Documents Reveal Internal Criticism of EPA Enforcement Policies

Published June 1, 1997

Internal EPA documents released April 2 as a result of a lawsuit reveal that the agency’s own consultants are highly critical of methodology employed by EPA in computing proposed fines in enforcement cases.

The documents indicate that EPA has been significantly inflating proposed fines by employing dubious economic assumptions in its BEN Model, the computer program the agency uses in calculating its fines.

The Washington Legal Foundation (WLF) had filed suit under the Freedom of Information Act (FOIA) against EPA in federal district court in Washington after EPA had refused WLF’s request to disclose the documents in question. The documents were written by leading economists, including Professor James C. Van Horne of Stanford’s Graduate School of Business and Professor Eugene F. Brigham of the University of Florida’s College of Business Administration, both of whom had been hired by EPA to evaluate the BEN Model.

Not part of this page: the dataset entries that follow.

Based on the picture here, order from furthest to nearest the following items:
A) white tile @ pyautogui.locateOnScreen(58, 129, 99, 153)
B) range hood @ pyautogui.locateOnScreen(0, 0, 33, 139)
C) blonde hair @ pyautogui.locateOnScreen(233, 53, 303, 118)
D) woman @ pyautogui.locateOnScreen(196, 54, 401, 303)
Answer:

EPA has taken the position that a company shown to have violated environmental laws should be subject to a fine at least as large as the economic benefit that the company derived from its noncompliance. The BEN Model is EPA’s elaborate computer program that purportedly computes a violator’s economic benefit from its noncompliance.

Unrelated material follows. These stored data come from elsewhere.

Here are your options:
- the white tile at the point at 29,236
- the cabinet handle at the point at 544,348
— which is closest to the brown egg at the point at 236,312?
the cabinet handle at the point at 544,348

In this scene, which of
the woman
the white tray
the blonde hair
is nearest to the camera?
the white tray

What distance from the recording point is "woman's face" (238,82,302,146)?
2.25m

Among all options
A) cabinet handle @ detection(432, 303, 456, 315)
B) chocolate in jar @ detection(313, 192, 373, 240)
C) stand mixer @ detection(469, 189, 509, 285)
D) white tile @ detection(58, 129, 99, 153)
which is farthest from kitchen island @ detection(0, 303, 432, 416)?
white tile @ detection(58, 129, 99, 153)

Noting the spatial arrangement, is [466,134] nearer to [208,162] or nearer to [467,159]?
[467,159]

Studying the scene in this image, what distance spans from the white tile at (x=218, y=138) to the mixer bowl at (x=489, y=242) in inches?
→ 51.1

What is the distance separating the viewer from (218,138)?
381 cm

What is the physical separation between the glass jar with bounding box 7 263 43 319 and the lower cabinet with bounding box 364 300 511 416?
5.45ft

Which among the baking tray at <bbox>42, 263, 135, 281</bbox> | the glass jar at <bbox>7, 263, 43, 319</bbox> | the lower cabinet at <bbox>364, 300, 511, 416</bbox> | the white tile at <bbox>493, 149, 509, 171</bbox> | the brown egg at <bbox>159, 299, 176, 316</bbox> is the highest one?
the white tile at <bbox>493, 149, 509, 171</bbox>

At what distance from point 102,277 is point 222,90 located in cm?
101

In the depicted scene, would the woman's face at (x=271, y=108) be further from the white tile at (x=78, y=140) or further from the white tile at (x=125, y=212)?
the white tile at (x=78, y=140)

WLF and other EPA critics charge that the BEN Model vastly overstates the economic benefit of failing to comply with environmental laws. As a result, WLF alleges that EPA regularly seeks payment of fines far in excess of the levels authorized by statute. The newly released internal EPA documents indicate that even consultants hired by EPA agree with that criticism.

In its comments filed with EPA regarding changes in the BEN Model, WLF stressed that the most important change would be to eliminate the “cult of secrecy” that surrounds EPA’s fine calculations. WLF argued that such secrecy not only is unfair to the regulated community, but also is counterproductive to EPA’s regulatory mission.